Years later, Finn and Roselinen have married and had two children, Bonnie and Jay. Quilton tells them that an ancient book has been discovered revealing that the door to Finn's world appears periodically. Seeking more information, the family travels to the oracle Rasheeta, who says only that Finn will not remain in the land long. Finn thinks of Jake and decides he does not want to leave the pillow world. Eventually, he grows into an old man and dies surrounded by family. His spirit flies through a darkened realm, encounters the being GOLB, and he emerges in the pillow fort, a teenager again. He starts to tell Jake about his other life, but gets a call from Flame Princess, who says she finally got his joke. After he hangs up, he cannot recall the life he just lived.

==Production==
"Puhoy" was written and storyboarded by Tom Herpich and Steve Wolfhard, from a story developed by series creator Pendleton Ward, Patrick McHale and Kent Osborne. According to Osborne, this is one of the few episodes that the writers successfully developed by playing the game exquisite corpse. The episode was co-directed by Nate Cash and Nick Jennings; the former was credited as "supervising director", whereas the latter handled the art direction. The episode guest stars Mandy Siegfried as Roselinen, Jonathan Frakes as Adult Finn, and Wallace Shawn as the oracle Rasheeta. Herpich noted that he was very pleased to cast Shawn, noting, "Big thanks to [Wallace Shawn] … who I finally got to cast in the show, thus shortening my bucket list." Wolfhard designed adult Finn to be reminiscent of Howard Keel's character from the 1954 musical Seven Brides for Seven Brothers. Wolfhard explained that the allusion was due to the fact that the musical is one of his personal favorites. In addition, Roselinen's design was based on Wolfhard's wife, Leslie, according to both Wolfhard and former character designer Andy Ristaino.

==Reception==
"Puhoy" aired on April 8, 2013, on Cartoon Network. The episode was watched by 2.75 million viewers, and received a 0.6 rating in the 18–49 demographic Nielsen household rating. Nielsen ratings are audience measurement systems that determine the audience size and composition of television programming in the United States, which means that the episode was seen by 0.6 percent of all 18- to 49-year-olds at the time of the broadcast. The episode was the 35th most-watched cable program in the 18–49 demographic on the night it aired. The episode first saw physical release as part of the 2013 Jake the Dad DVD, which included 16 episodes from the series' fourth and fifth seasons.

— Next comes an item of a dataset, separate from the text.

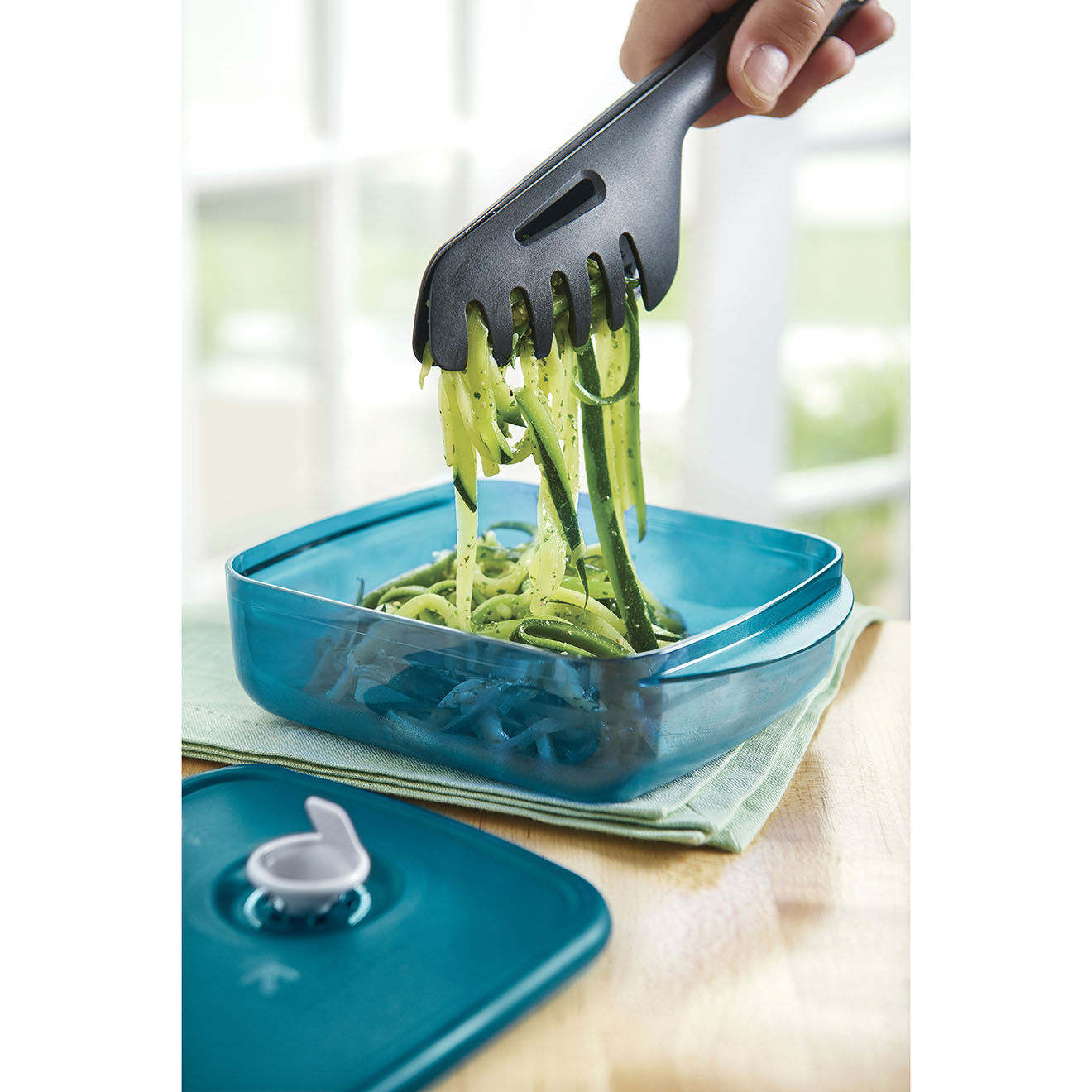Tupperware Boite avec couvercle Crystal Up bleu glacial - 600ml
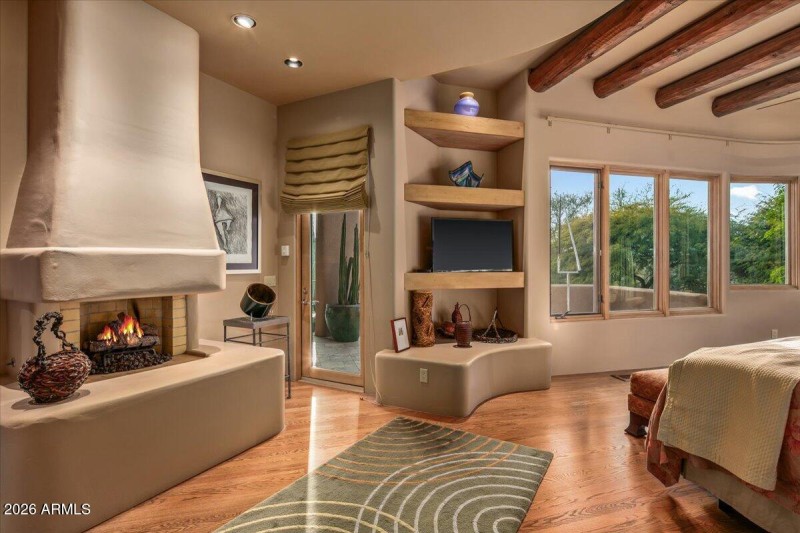 Primary Suite Details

Oliver Sava of The A.V. Club awarded the episode a "B+", and praised the way the entry "focuses on building character". He compared the episode stylistically to both The Wizard of Oz and Captain America, noting that all three deal with themes of traveling to distant lands and "teleport[ing] to … alternate dimension[s]". In the end, Sava complimented the episode for dealing with the moral that, when in a relationship, people need to "slow down, don't freak out, and communicate." Colin O'Boyle of Geek Smash compared the episode to the Chronicles of Narnia, a series of books by English author C.S. Lewis. He felt that the installment was "hilarious" and "pretty awesome". He cited both "Adult Finn" and the "pillowy world" as highlights, noting that the former was a "badass". In a positive review of the episode, internet personality Doug Walker compared the episode to "The Inner Light", an episode of Star Trek: The Next Generation (which also starred Jonathan Frakes). Walker applauded the episode for being deep and meaningful, as well as "so funny and so imaginative".

For his work on the episode, former lead character designer Ristaino won an Emmy Award for "Outstanding Individual Achievement In Animation" for his character designs, making it the series' first Emmy win.